Suriye muhalefetinin güçlü yapılarından biri olan, son yıllarda ise hem Heyet Tahrir el Şam (HTŞ) ile yaşanan çatışmalar hem de ÖSO unsurlarının SMO çatısı altında yeniden yapılanmasıyla daha geri planda kalan Ahrar el Şam, uzun bir süre sonra iç çekişmelerle gündem oldu.
İddiaya göre Ahrar el Şam’ın askeri kanadının mevcut lider kadrosuna yönelik hoşnutsuzlukları saklanmayacak düzeye çıktı. Bu iç çekişmede askeri kanadın önde gelenleri eski lider Hasan Sufan ve Ebu el-Munzir iken karşılarında Cabir Ali Paşa’nın başını çektiği lider kadrosu bulunmakta.
Yerel kaynaklara göre, askeri kanadın ayaklanmasının başlangıcı Ahrar el Şam liderliğince yayınlanan, örgütün Lazkiye bölgesinden sorumlu komutanı Ebu Faris el-Dera’nın görevden alınması kararı oldu.[1] Ebu Faris ise Ebu el-Munzir’in desteğiyle bu kararı uygulamayı kabul etmedi. Askeri kanada göre, Lazkiye bölge sorumlusunun görevden alınmasında Ahrar el Şam liderliği herhangi bir sebebi gerekçe göstermedi. Askeri kanattan yapılan açıklamada, Cabir Ali Paşa ve yardımcılarının yetkilerinin kısıtlanarak Ahrar el Şam’ın “misyonunun ve cihadının” devamının garanti altına alınması talep edildi. Kaynaklara göre, örgüt içi bu ayaklanmanın müsebbibi Ahrar el Şam’ın eski lideri Hasan Sufan.
Sufan’ın mevcut lider kadrosuyla farklı pozisyonda yer alması bir yana askeri kanat içerisinde halen ciddi bir ağırlığı olduğu düşünülmektedir. Ulusal Özgürleştirme Cephesi’ndeki görevinden 2019 Mayıs’ta herhangi bir sebep göstermeden istifa eden Sufan, saha kaynaklarına göre yakın vadede İdlib’de kurulması muhtemel olan bir askeri konsey yapılanmasında önemli görevler alabilir. Bu ihtimalin gerçekleşmesi hususunda HTŞ liderliğinin de Sufan ile koordineli şekilde hareket edeceği de iddialar arasında.
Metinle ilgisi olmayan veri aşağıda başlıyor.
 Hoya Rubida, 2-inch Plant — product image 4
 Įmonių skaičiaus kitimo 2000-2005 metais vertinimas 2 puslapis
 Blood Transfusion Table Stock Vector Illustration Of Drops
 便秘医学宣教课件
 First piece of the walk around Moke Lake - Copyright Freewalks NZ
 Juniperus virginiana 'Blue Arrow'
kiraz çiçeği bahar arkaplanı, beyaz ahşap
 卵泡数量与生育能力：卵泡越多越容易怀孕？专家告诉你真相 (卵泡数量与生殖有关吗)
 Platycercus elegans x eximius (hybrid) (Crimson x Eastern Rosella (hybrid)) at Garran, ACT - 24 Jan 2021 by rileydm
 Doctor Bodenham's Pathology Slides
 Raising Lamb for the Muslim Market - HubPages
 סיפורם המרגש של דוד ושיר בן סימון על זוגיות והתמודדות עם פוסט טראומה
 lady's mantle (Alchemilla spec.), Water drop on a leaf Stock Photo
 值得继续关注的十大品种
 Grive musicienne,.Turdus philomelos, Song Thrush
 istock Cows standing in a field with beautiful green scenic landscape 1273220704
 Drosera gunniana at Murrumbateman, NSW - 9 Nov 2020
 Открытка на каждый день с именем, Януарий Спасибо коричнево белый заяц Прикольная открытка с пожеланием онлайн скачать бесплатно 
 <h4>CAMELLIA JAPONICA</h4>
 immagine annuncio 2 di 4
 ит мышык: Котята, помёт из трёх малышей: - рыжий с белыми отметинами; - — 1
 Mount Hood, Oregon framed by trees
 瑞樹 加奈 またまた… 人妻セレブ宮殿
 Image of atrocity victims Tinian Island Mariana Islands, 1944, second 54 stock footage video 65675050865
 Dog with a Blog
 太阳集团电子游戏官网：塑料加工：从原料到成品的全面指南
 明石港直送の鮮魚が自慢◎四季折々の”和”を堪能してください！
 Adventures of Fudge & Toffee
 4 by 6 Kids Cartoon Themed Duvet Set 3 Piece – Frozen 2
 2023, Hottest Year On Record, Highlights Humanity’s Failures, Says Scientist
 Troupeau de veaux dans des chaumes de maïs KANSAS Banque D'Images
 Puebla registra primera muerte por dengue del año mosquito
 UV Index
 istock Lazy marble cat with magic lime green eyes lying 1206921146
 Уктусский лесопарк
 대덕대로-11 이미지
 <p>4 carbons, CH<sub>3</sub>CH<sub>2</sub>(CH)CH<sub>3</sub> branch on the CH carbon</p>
Hasan Sufan ise hakkındaki “örgüt içi darbe” iddialarını uzun bir açıklama ile yalanlasa da Ahrar el Şam lider kadrosunu “düşüncesizce hamleleri” ile olası bir ortak askeri konsey ihtimaline zarar verdiklerini bu yüzden “radikal önlemlerin” alınmasının zorunluluk olduğu dile getirdi.[2]
Bu süreçte HTŞ’ye bağlı gruplarla da işbirliği yapıldığına dair iddialar mevcuttur. İddiaları destekleyecek eylemler de HTŞ tarafından geldi. HTŞ’ye bağlı unsurlar Lazkiye bölgesinde konumlanan Ulusal Özgürleştirme Cephesi’nin komando birliğinin karargahını basarak komutanını gözaltına aldı. Bu hareketin tetikleyicisi eylemin Lazkiye kırsalında Ulusal Özgürleştirme Cephesi’nin ani şekilde yeni kontrol noktaları kurması olduğu iddia edilmektedir. Söz konusu komando birliğinin Rus destekli son rejim saldırısında Esed güçlerine karşı koyduğu direnç göz önüne alındığında, bu hamle Lazkiye kırsalında zaafiyete yol açabilir.
Muhalefete yön veren başat bir aktörden askeri ve siyasi kapasitesi darbe yemiş ve küçülmüş bir gruba evrilen Ahrar el Şam’da klikleri içerisindeki usul ve fikir ayrılıkları bir süredir bilinmekteydi. HTŞ ile yakın duranlar ile Ulusal Özgürleştirme Cephesi paydaşlarına yakın olanların arasındaki farklılıkların büyüyerek bir iç çekişmeye yol açması çok şaşırtıcı değil. Bununla birlikte zamanlaması itibariyle İdlib’de beklenen yeni bir Rus destekli rejim saldırısı öncesi olması, sahadaki askeri ittifakların olası büyük çatışma öncesi yeniden inşası çabalarını işaret etmekte. Şimdiye kadar iç çekişmelere harcanan enerji sebebiyle yaşanan askeri kayıplar göz önüne alındığında olası bir rejim harekatı öncesi bu çekişmenin sona erdirilmesi muhalifler açısından önem teşkil etmekte. Yoksa Lazkiye’de yaşanabilecek bir güvenlik zaafiyeti tüm İdlib cephesini etkileyebilir.